Thought Picnic: Parental Responsibility

The child of something

We really should latch on to the reality that the way children turn out cannot be entirely divorced from the upbringing offered by the parents, if those parents have had opportunity and purpose to rear that child.

In this Thought Picnic, allow me the levity of the simplistic analysis of parent-child relationships without the encumbrance of complex family units suffering all sorts of social pressures.

Many of us owe a great debt of gratitude to parents who have without training or instruction taken on that responsibility of parenting by offering support and encouragement whilst having the good sense not to offer supine excuses for wrongs and instilling the kind of discipline to make us worthwhile members of our communities.

Parental responsibility

Unfortunately, there are other parents who in allowing freedoms for their children to explore and learn have lost restraining authority by ingratiating their little angels regardless of how bad the behaviour of their ward becomes.

The child grows into thinking the world owes them nothing having been schooled in the concepts of boundless excess, unsupervised exploration, untrammelled desire and reckless behaviour without sanction.

At one time, one would think once the child has been allowed to stray into the realms of the unviable the parents would accept a modicum of culpability in how the child has turned out and if there can be no penance for their failings they would not defend the indefensible by breaking the law.

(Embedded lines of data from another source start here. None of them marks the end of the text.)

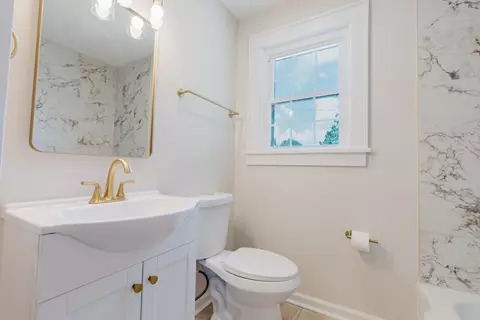 Bath - 103 Cage Cir, Dickson, TN 37055 photo 1 of 2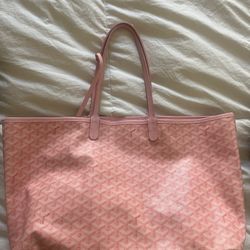 Pink Tote And wallet Inside 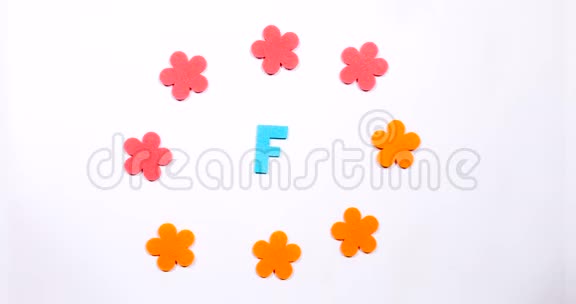 英文字母表的字母F在白色背景上跳舞的信视频的预览图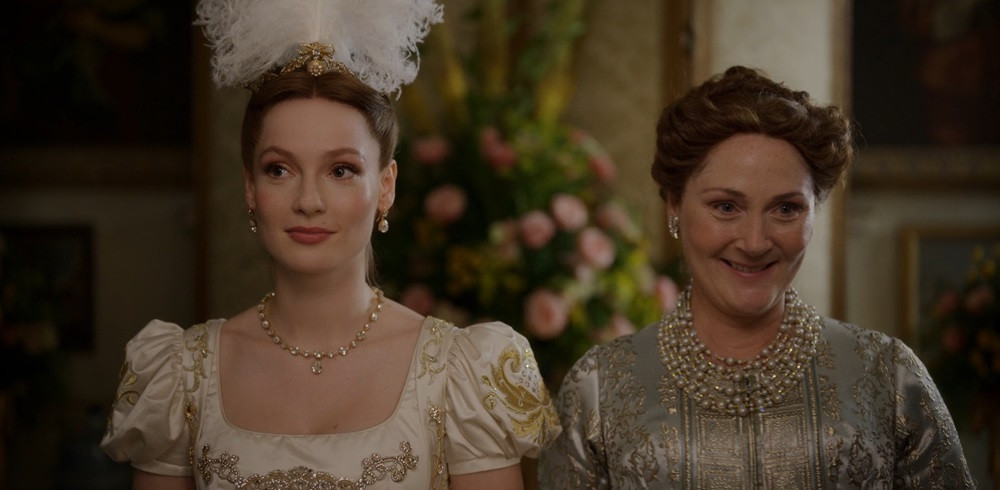 Francesca (Hannah Dodd) và mẹ trong mùa 3.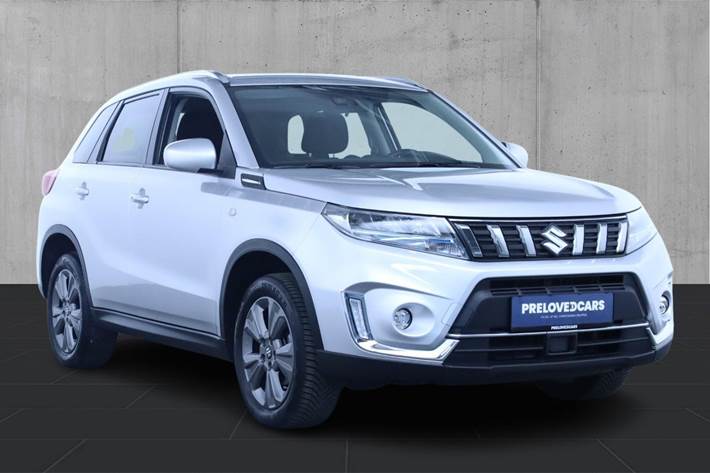 Grå Suzuki Vitara fra 2022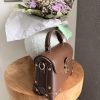 Sac à main marron en simili cuir rigide avec poignée et fermoir doré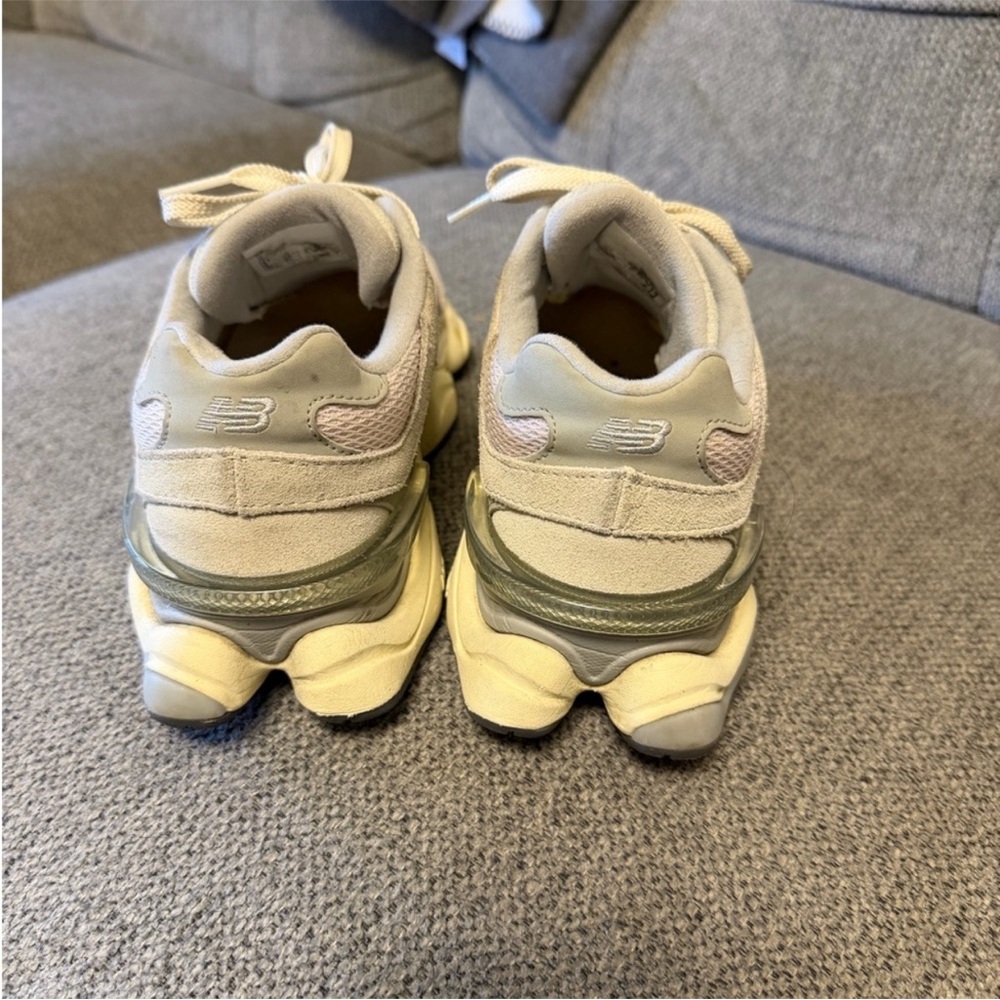 New Balance 9060 Women's Beige and Gray Sneakers - Picture 2 of 3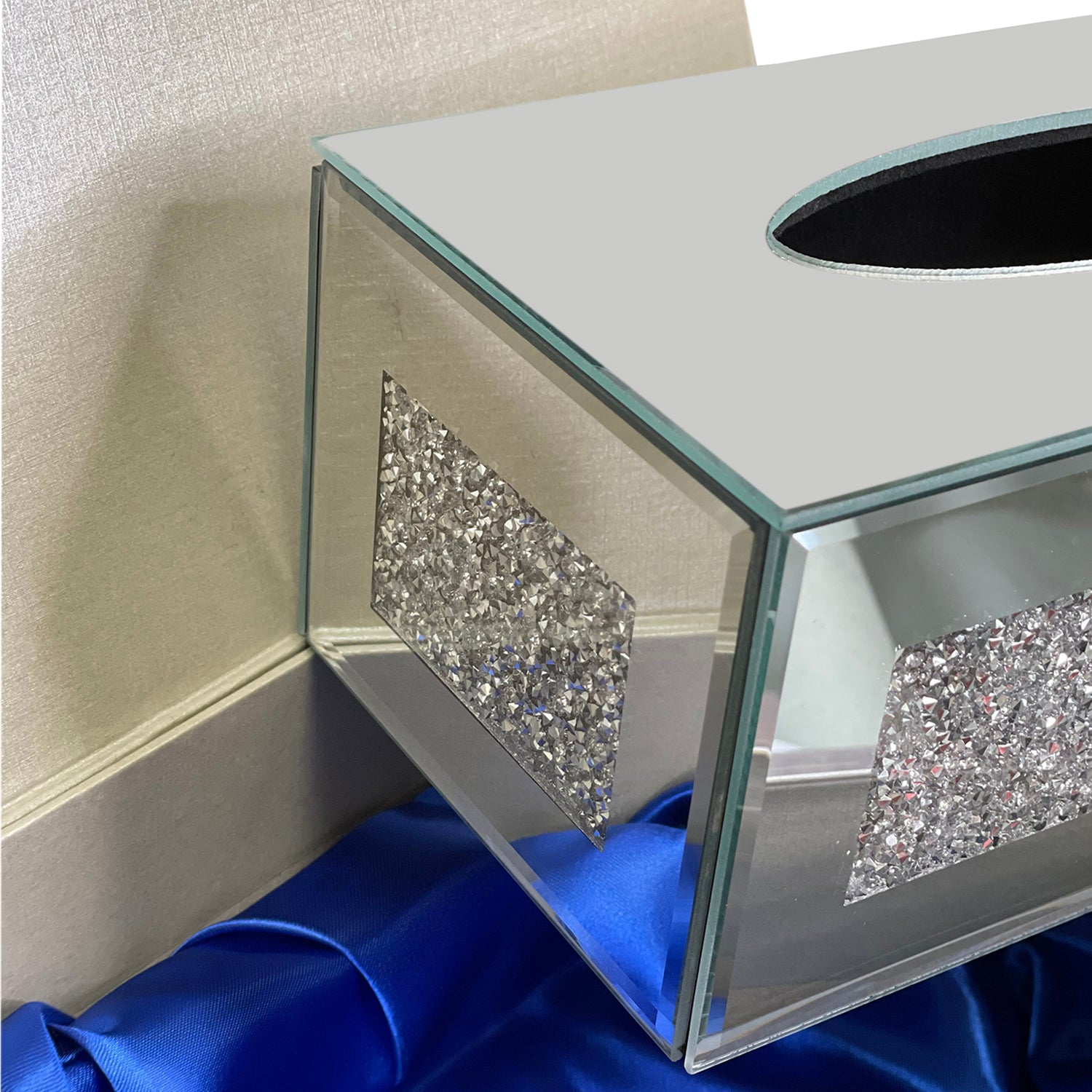 Furnings Mirrored Tissue Holder in Gift Box in Gift Box, Silver Crushed Diamond Glass Accent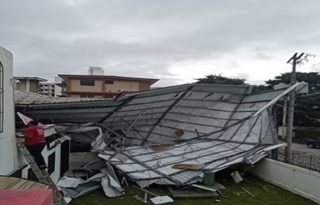 En la provincia de Colón, se reportaron desprendimientos de techos y obstrucción de vías por caída de árboles y deslizamientos. 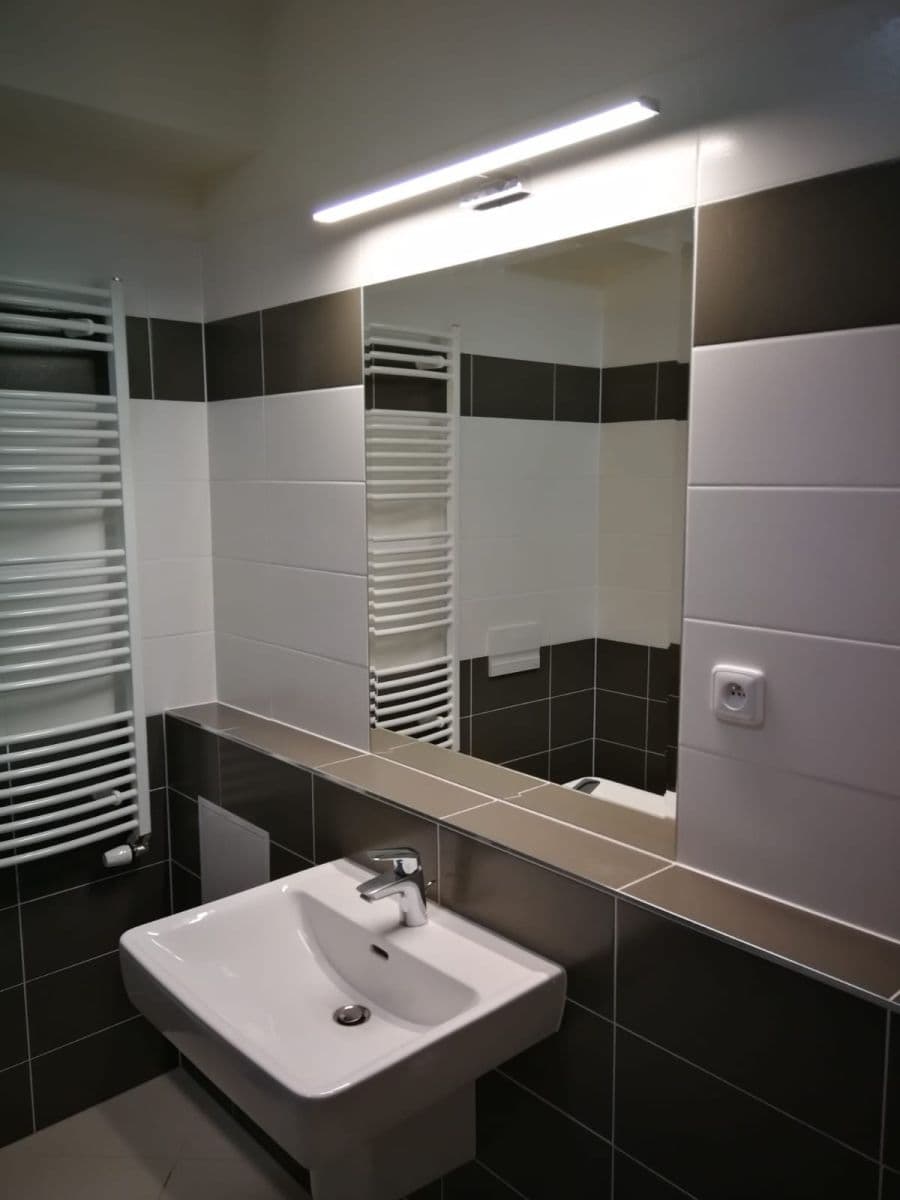 Prenájom bytu 2-izbový 62 m², Makedonská, Praha, Praha Prenájom bytu 2-izbový 62 m², Makedonská, Praha, Praha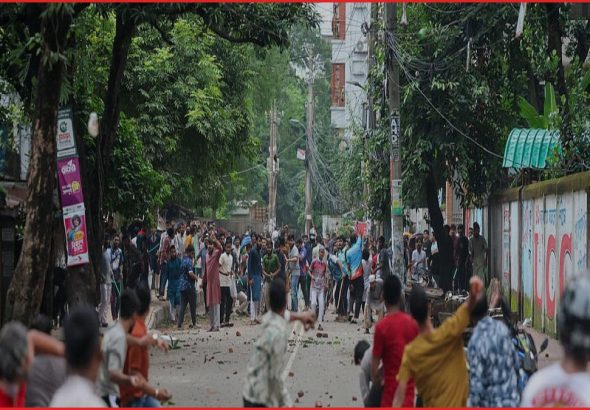রাজধানীর তিন শিক্ষাপ্রতিষ্ঠানে ছাত্রদল-শিবির সংঘর্ষে আহত অর্ধশতাধিক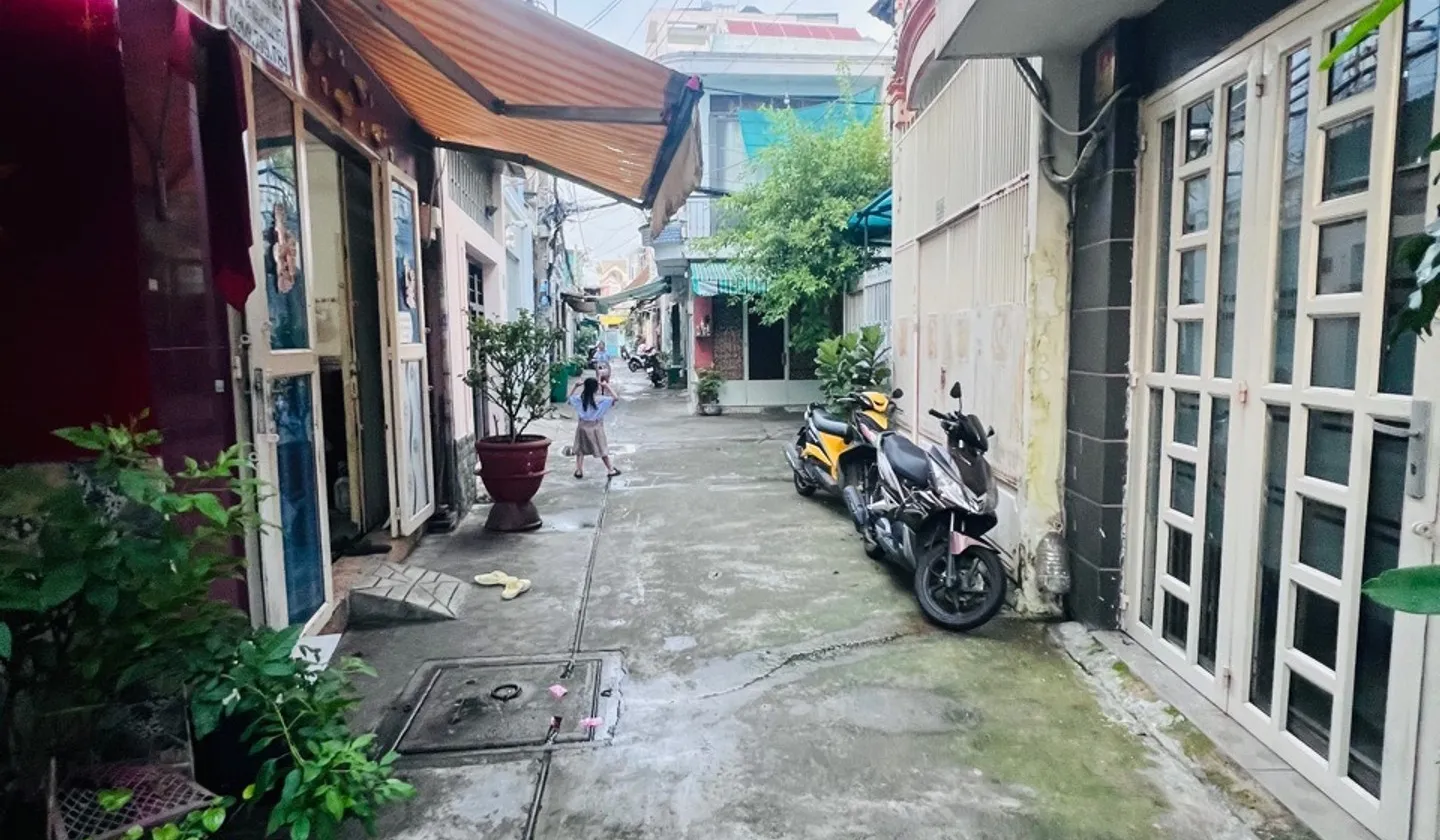 Nhà 4 tầng mặt tiền 4m tại phường Tân Phú, Hồ Chí Minh, phù hợp gia đình và kinh doanh... Bán nhà riêng tại Tân Phú, Hồ Chí Minh 01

Now, one can understand that if the child has gotten into deep trouble the parent for their failings might offer some support, maybe to redeem their relationship with the wayward child – it should not be at any cost.

A crime so vile

In August 2007, a boy of 11 walking back home from a football match got shot in his neighbourhood – there was outrage and grief from the society in general that suddenly felt it had been robbed of an innocence, safety and sense of community.

Meanwhile, in that same community, the families of the perpetrators of that heinous crime clammed up and manufactured alibis and stories to exculpate and absolve their wards from guilt and blame.

It was the sterling work of the police that finally nabbed the teenage killer and his accomplice who with the help of their parents destroyed essential evidence that might have left murderers roaming the community with impunity.

Parental responsibility rewarded

The murderer and his accomplice were found guilty and jailed, but the arm of justice is not shortened as yesterday the mother of the killer and the parents of the accomplice were jailed for their part in protecting their little angels.

In what is the extreme of bad parenting and the parental absolution of their children for all they have done regardless of how bad and horrible, the children have now dragged their parents down with them giving life to the concept that a child might not necessarily be too different from its parent.

God forbid the thought but whilst a parent might not necessarily be overtly criminal, if the child turns out criminal, where the parents have had good involvement in bringing up the child – is the child the brood of criminals?

I ponder from my vantage point of not having been a parent and not planning on being one, I am however thankful for my parents, I do strive to make them proud rather than drag them down into ignominy, all because for all that they knew, they encouraged when necessary and restrained where appropriate.